## [Instructions to follow]
Your output should consist of the lines from the first line of the records below through the one with "EVA slippers lightweight", exactly, minus the pictures.

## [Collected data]
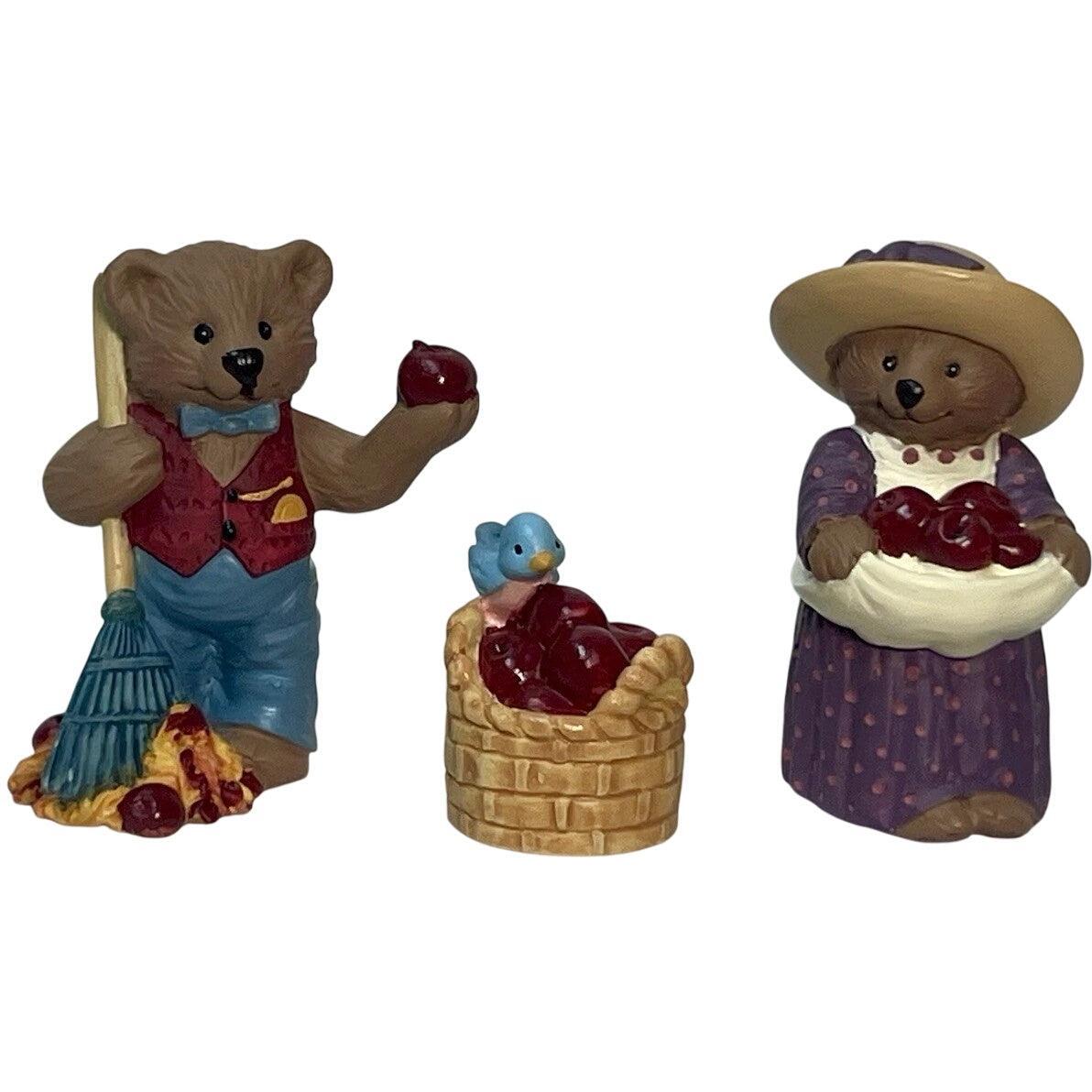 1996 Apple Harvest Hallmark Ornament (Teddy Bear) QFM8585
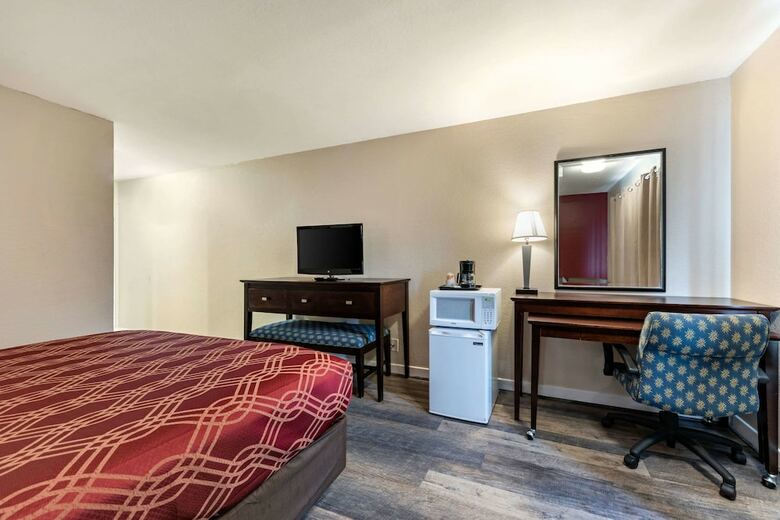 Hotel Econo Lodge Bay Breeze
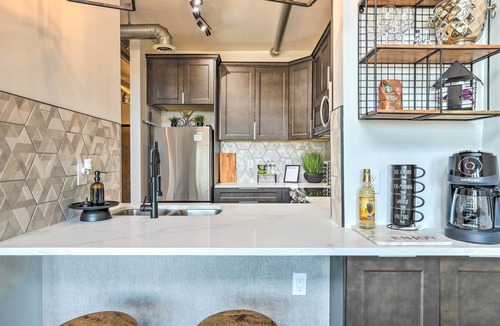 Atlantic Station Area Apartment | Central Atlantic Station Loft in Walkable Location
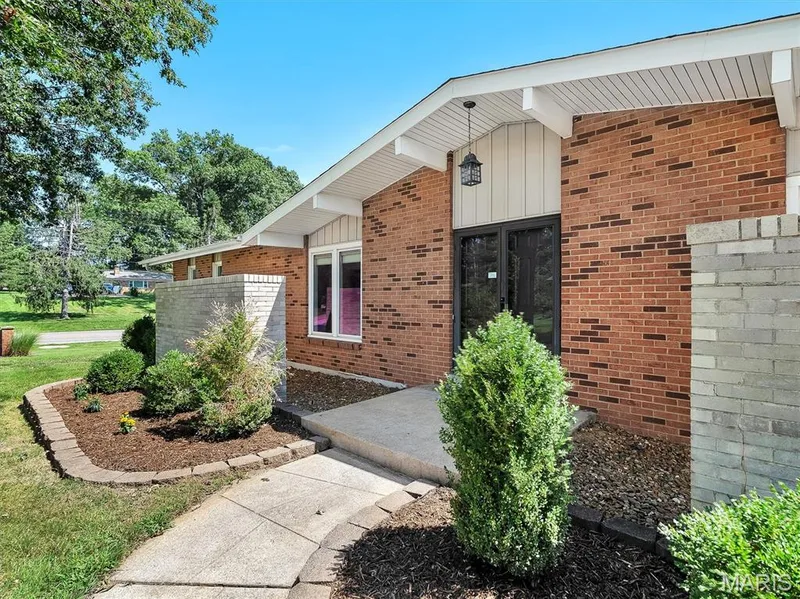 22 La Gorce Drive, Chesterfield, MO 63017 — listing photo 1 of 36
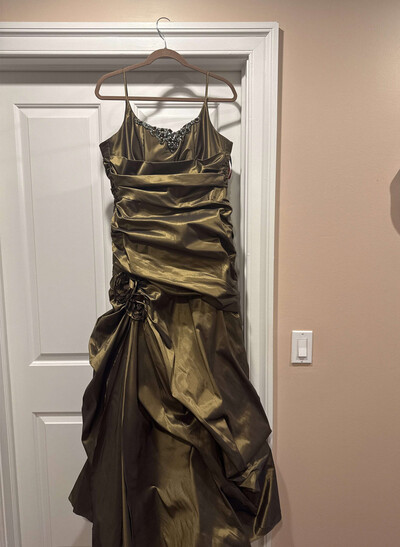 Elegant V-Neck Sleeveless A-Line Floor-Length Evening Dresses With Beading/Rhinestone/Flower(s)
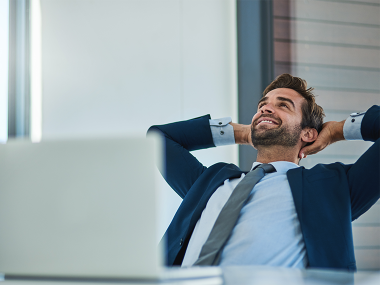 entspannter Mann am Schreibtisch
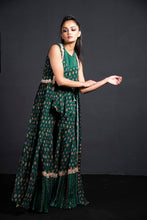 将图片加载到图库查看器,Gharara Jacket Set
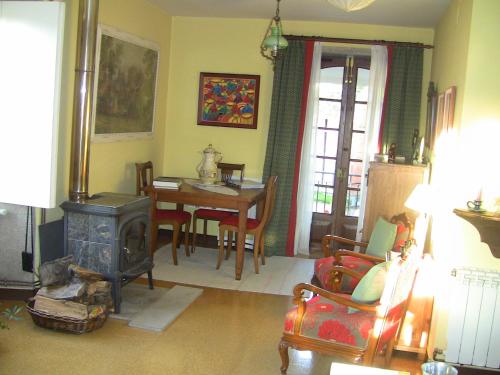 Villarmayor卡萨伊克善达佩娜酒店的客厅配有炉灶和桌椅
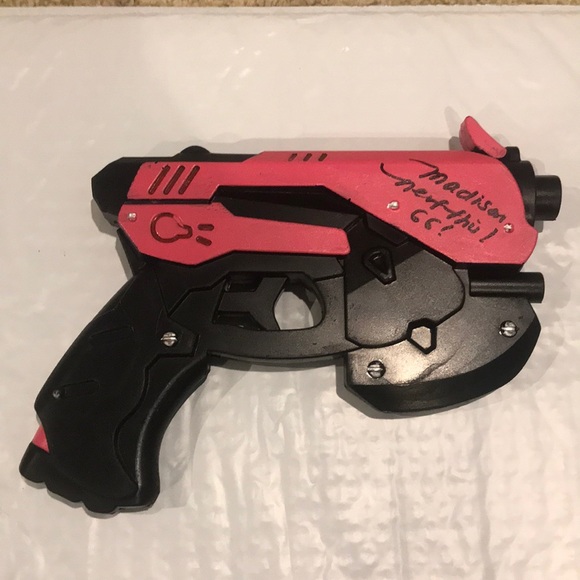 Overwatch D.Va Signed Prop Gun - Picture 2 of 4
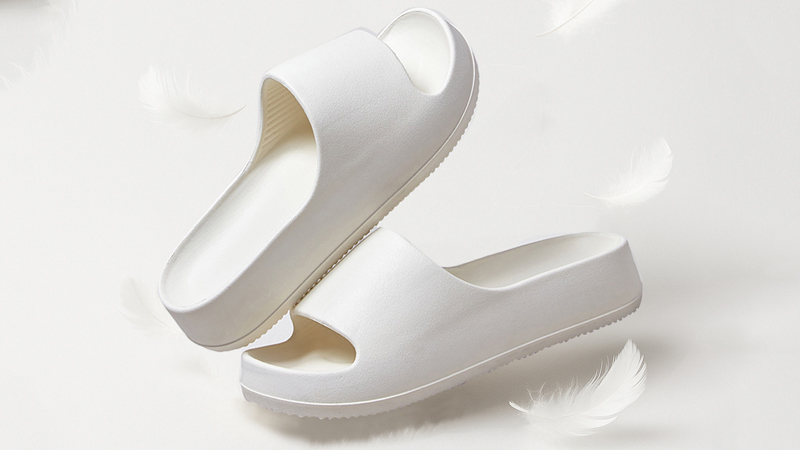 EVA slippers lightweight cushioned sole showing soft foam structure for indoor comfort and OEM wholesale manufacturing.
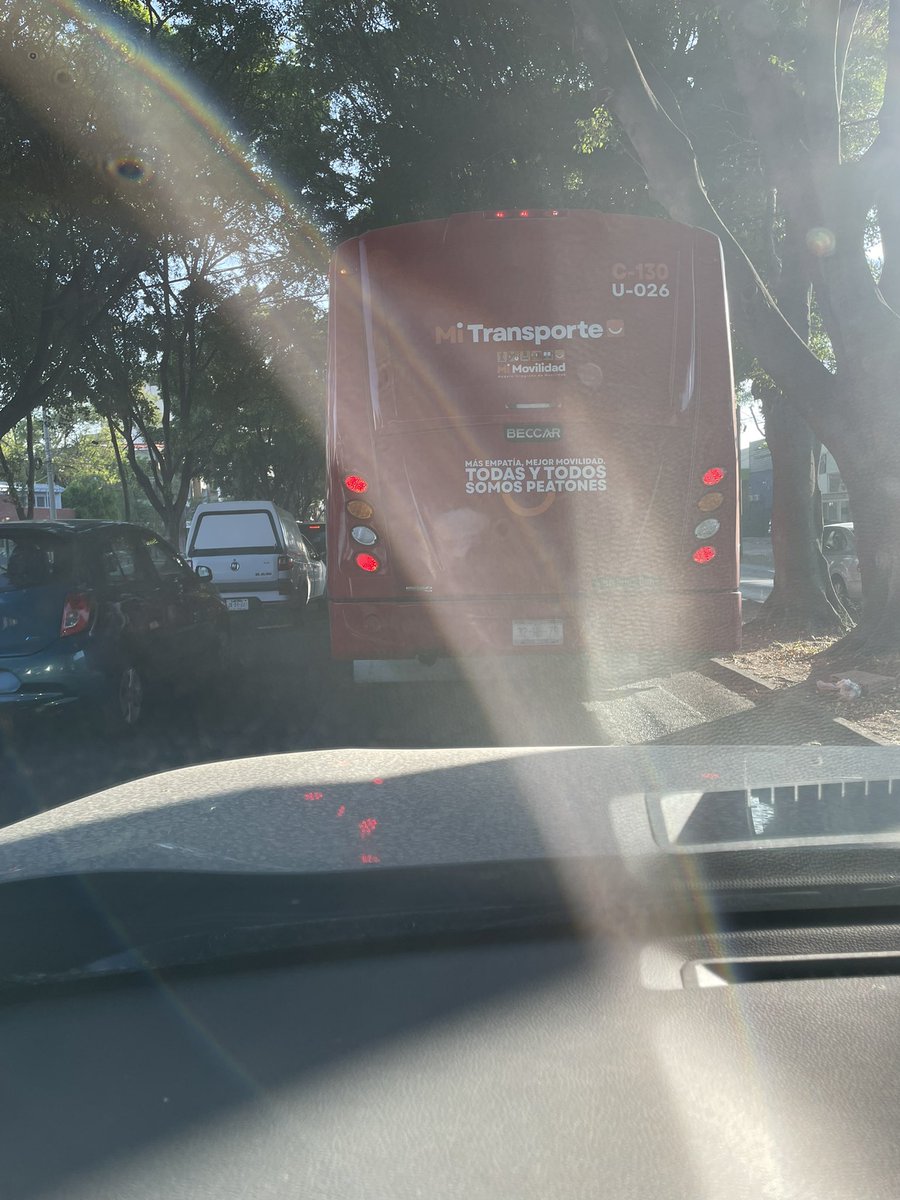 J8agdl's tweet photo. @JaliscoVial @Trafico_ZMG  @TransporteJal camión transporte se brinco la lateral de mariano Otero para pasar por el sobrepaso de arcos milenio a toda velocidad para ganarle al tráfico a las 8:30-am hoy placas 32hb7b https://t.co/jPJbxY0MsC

## [Response to the task]
 1996 Apple Harvest Hallmark Ornament (Teddy Bear) QFM8585
 Hotel Econo Lodge Bay Breeze
 Atlantic Station Area Apartment | Central Atlantic Station Loft in Walkable Location
 22 La Gorce Drive, Chesterfield, MO 63017 — listing photo 1 of 36
 Elegant V-Neck Sleeveless A-Line Floor-Length Evening Dresses With Beading/Rhinestone/Flower(s)
 entspannter Mann am Schreibtisch
 将图片加载到图库查看器,Gharara Jacket Set
 Villarmayor卡萨伊克善达佩娜酒店的客厅配有炉灶和桌椅
 Overwatch D.Va Signed Prop Gun - Picture 2 of 4
 EVA slippers lightweight cushioned sole showing soft foam structure for indoor comfort and OEM wholesale manufacturing.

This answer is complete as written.